Sem criar muito suspense em torno do que eu tenho a dizer sobre “Power of Art”, deixe-me dizer isto: a razão pela qual Schama satisfazer o público e acadêmicos liberais é que ele explora com sucesso a contradição entre os dois. A maneira desafetada, natural e sensível de Schama fornece uma versão demasiadamente familiar da visão sobre a ordem social, beleza natural e progresso social do iluminismo liberal humanista, apresentada com uma boa dose de sátira popular e sarcasmo. Ele é um William Hogarth para a nossa era neoliberal, tanto como um historiador quanto como um jornalista que comenta sobre questões contemporâneas, como a resposta americana ao 11 de Setembro e a guerra contra o Iraque. Ele serve-se das fraquezas dos ricos, dos poderosos, da vanitas dos novos-ricos, e o faz de maneira que atrai grande interesse popular por parte do público culto e letrado, e por parte dos filisteus que não se importam com o que acontece no mundo. Schama interpreta o liberal por excelência, o Voltaire de Westminster, e não é nenhuma surpresa que ele inicia sua série sobre arte com o século XVII, a grande era do Liberalismo, e o período no qual o conceito de arte como uma profissão liberal surgiu, pela primeira vez, como tema do questionamento intelectual.

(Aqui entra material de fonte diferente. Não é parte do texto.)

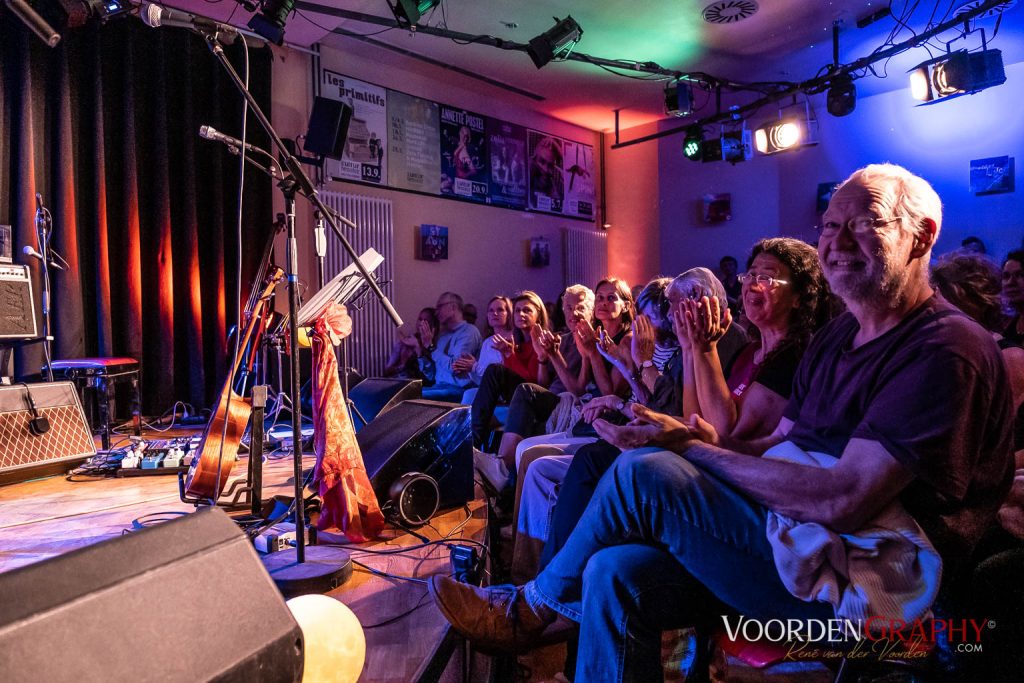 2019 Zelia Fonseca & Magdalena Matthey CD Pre-Release @ Kulturfenster Heidelberg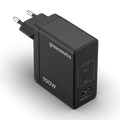 Greenworks 100W USB-C Schnell-Ladegerät 2 USB-C Anschlüsse +1 USB-A Anschluss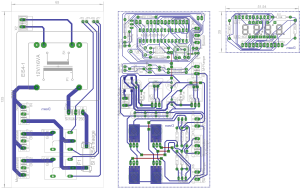 Platinenlayout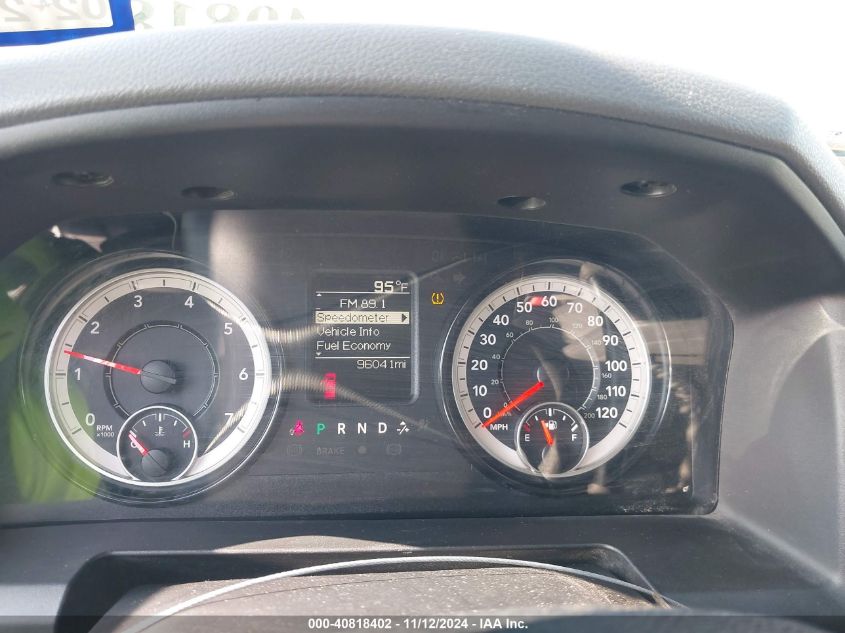 2018 RAM 2500 TRADESMAN 4X4 6'4 BOX VIN: 3C6UR5CJ2JG295681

A história que Schama usa para fechar sua série é uma história real, sobre Colin Powell, então Secretário de Estado de George W. Bush. Em discurso contrário a Saddam Hussein, na ONU, Powell pediu que a tela “Guernica”, de Picasso, um dos grandes atos de acusação artística contra a guerra, fosse coberto com um grande tecido azul. Powell estava obviamente preocupado que semelhanças seriam estabelecidas entre a administração Bush e o regime fascista de Francisco Franco. Schama apresenta este incidente como um exemplo de como a arte não é apenas uma questão de prazer, mas sim de vida e morte, questão esta que levamos para casa até com a embalagem do DVD da série, que mostra um líquido vermelho que tanto lembra tinta vermelha, como sangue. O poder da arte, afinal, não é nada menos que a sua capacidade de nos revelar a beleza da verdade e da liberdade, e para nos redimir de um mundo mecânico e complacente. A arte não toma nada como certo, garantido, e isso é especialmente notado quando o artista luta contra todas as probabilidades, em momentos dramáticos de paixão, dor e êxtase, e surpreende o mundo com a integridade de uma visão artística e a sua realização.

Qualquer pessoa com formação em teoria cultural contemporânea pode apontar falhas no historicismo cru, sem verniz, de Schama, mas nós não seríamos capaz de culpá-lo por tentar popularizar uma versão acessível da cultura, no entanto canônica e bem guardada. Mantenhamos em mente que foi a televisão que concedeu um título de nobreza à Schama, e não apenas a sua erudição. Podemos criticá-lo, no entanto, pela vilania com que ele embala ideias surradas e desgastadas a respeito de geniais criadores. A batalha intelectual pode ter sido vencida por antecipação, mas este não é o caso para a batalha política. Como podemos nós, como estudantes e estudiosos interessados em arte e cultura, reconciliar esta contradição?